On Sunday the microwave committed seppuku. My husband and I could see a fire blazing away through the screen that vents the works inside the oven . The fire stopped when we opened the door, so it wasn’t actually on fire, but it was sparking something fierce, and the smell of singed wiring and plastic was terrific. Whew. We removed the microwave from service.
I’ve been cooking everything on the stove all week, remembering how I prepared food for the first 20 years of my adulthood and kind of enjoying it, but there were rumblings among the tribe about the inconvenience of not having a microwave for, say, warming up cold coffee, or heating corn dogs. We had to wait 45 minutes for a chicken pot pie to be done. Oh, the humanity! Today I bought a new microwave.
The washing machine has been making an ugly grinding noise at certain parts of its cycles for months now, and the repairman who fixed our dryer last year predicted the washer would go down sometime this year. I looked at it and said, "What? It’s only ten years old!" The repairman informed us that front loading washing machines are not constructed in such a way that this particular problem can be repaired. The gears are permanently sealed inside a container that is welded shut. Bad engineering, I say, but good for re-sales, I suppose, if you think ten years is a long time for a washer to last, and have the money to get another one.

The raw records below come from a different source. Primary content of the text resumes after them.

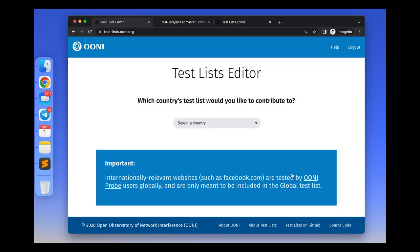Hello, this is a screencast for the Uni Test Lists Editor. The specific websites that are tested by our application UniProbe are included in public community-created lists, which we usually refer to as test lists.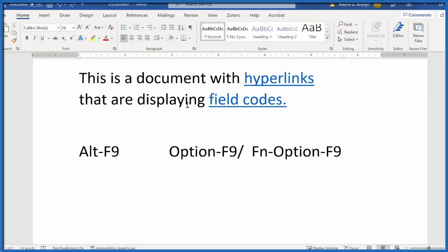If you're on a Mac, it's Option F9 or Function Option F9. One of those will work.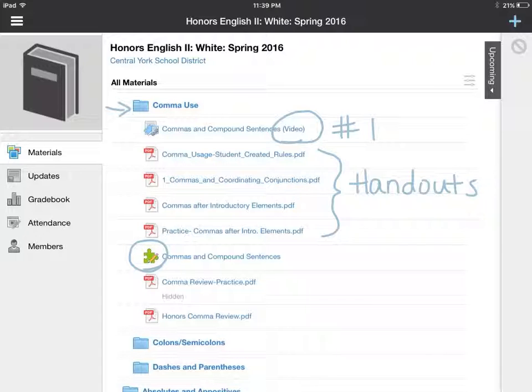At the end we also have some general review items. Those items typically cover all of the rules at once, so those tend to be very helpful as well.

When the kids were infants I had an avocado green Kenmore washer, a top loader, that I bought at a garage sale. It soldiered on through the diaper years and beyond without complaint. I think it lasted about ten years for me – but it was several years old when I bought it. I guess they don’t make ‘em like that anymore. I cruise craigslist and VashonAll in preparation for when the day of washer doom arrives. Not yet. The noise is aggravating, but the machine still works.

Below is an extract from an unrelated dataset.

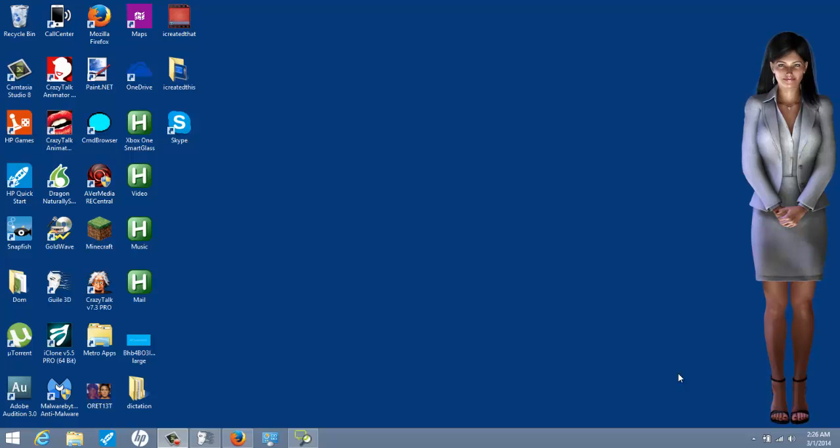Hey everybody, I'm going to teach you guys how to use Skype and Denise.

Machines can go on like machines, but they do eventually wear out. It seems a little strange when several things go down at once, though. One time, years ago, something broke down and I complained of it to my husband.
"Ah," he said, "Resistentialissimus."
"Say what?" I asked.
"The hostility of machines toward human beings," he replied.

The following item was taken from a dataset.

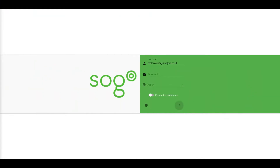Welcome to MidGoth Help and Tutorials. Today we'll be showing you how to set up your SoGo vacation auto-reply using the Rare Portal.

If you look it up online, it comes up as "resistentialism: a jocular theory in which inanimate objects display hostile desires towards human beings." Jocular to the machines, maybe.
Once a machine stops working, whether it’s worn out or hates its human masters, there is a new problem: how to get rid of it. I went online, and told my husband, "I found out that King County has a place where we can drop off the television and the microwave."
He asked, "How far can we drop them?"
I looked at him, and he said, "I’m a guy. We want to know these things."
Last night my netbook died abruptly. A little investigation showed that it was not quite plugged in, and the battery had run down. Once I adjusted the cord and plug, it started right up again. It shook me up until I figured it out, though.
I’m starting to look at all my helpful electronic devices and wondering if they are biding their time, waiting for that perfect moment to jam, leak, blow up, break down, or catch on fire.
Eh, it’s all right. Better them than me.